Scotland’s traditional music festivals attract visitors from all over the world. Scottish folk music embraces not just Celtic sounds but global rhythms and harmonies too. Glasgow’s Celtic Connections festival, is the year’s biggest folk event. In the Northern Isles, Folk Frenzy, held in July, is Shetland’s celebration of the most enduring fiddling tradition in Scotland. But you don’t have to go to a festival to experience Scotland’s toe-tapping trad. When the Shetland Folk Frenzy is in full swing there are jam sessions in just about every pub in Lerwick..Visiting musos can sit in on – or even join – sessions in folk music pubs like the legendary Sandy Bell’s (www.sandybells.co.uk) in Edinburgh and the Taybank (www.thetaybank.co.uk) in Dunkeld.
Glasgow is home to a vibrant music scene and its musical history runs deep. Walk in the footsteps of musical greats and discover the stories of legendary performers who have come to define this musical city on a walking tour of Glasgow’s Music Mile (www.glasgowmusiccitytours.com). The tour covers iconic gig venues such as the Barrowland Ballroom and King Tut’s, dive bars where big names paid their dues, and concert halls of the past and present.

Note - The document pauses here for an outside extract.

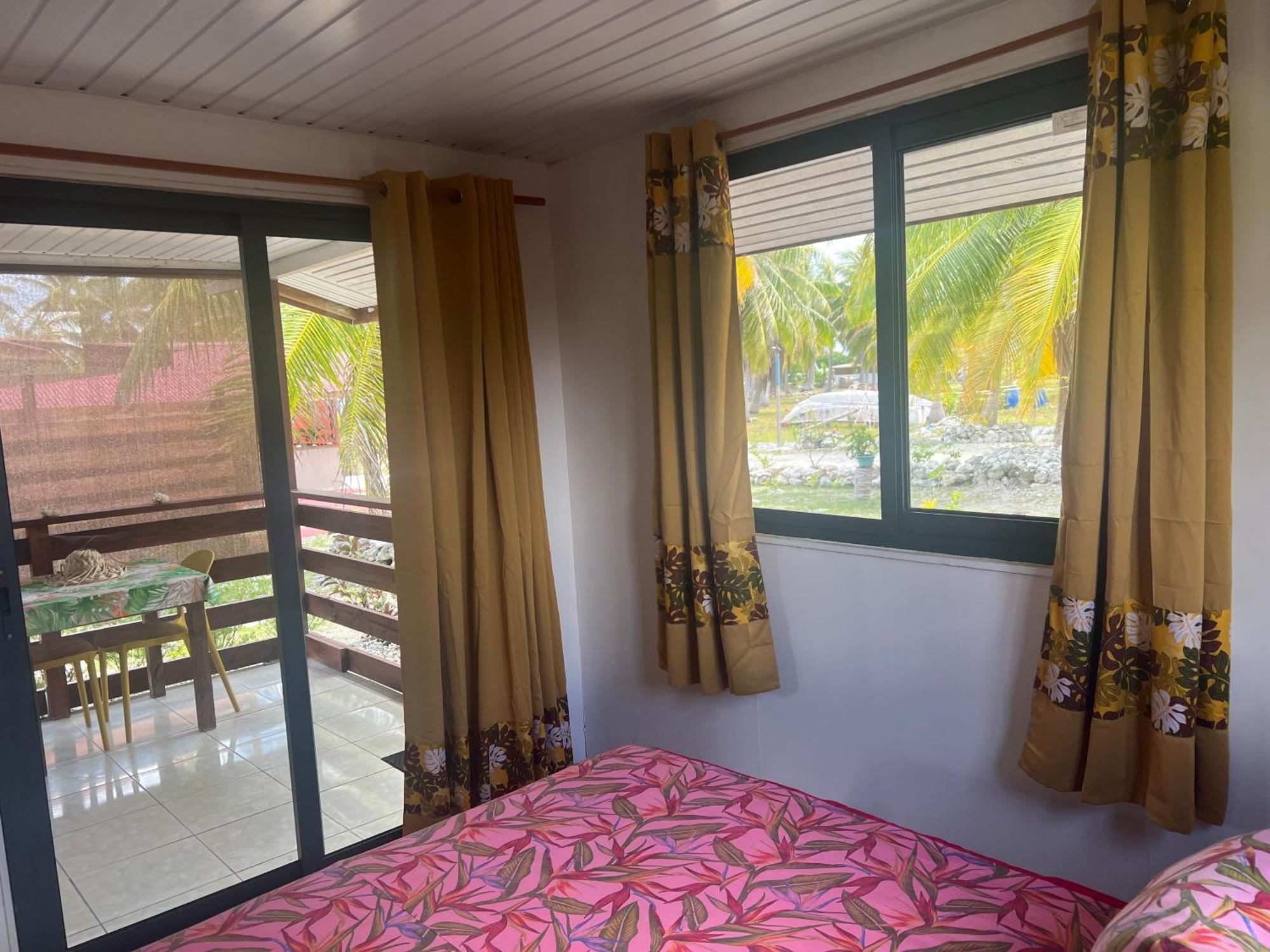 Hotel Korikori House Fakarava II Rotoava Exteriér fotografie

Enjoy musical performances by Indian dance troupes and African drummers at the Glasgow Mela – Scotland’s largest multicultural festival – held in Kelvingrove Park every summer.
DISCOVER Scotland Your Way
King Tut’s Wah-Wah Hut, Glasgow
Many legends launched their careers here, among them Oasis.
Barrowland Ballroom, Glasgow
Legendary venue hosting big names as well as up-and-coming bands.
The Jazz Bar, Edinburgh
Scotland’s only venue dedicated solely to jazz.
Fat Sam’s, Dundee
This vast club hosts DJs, bands and theme nights.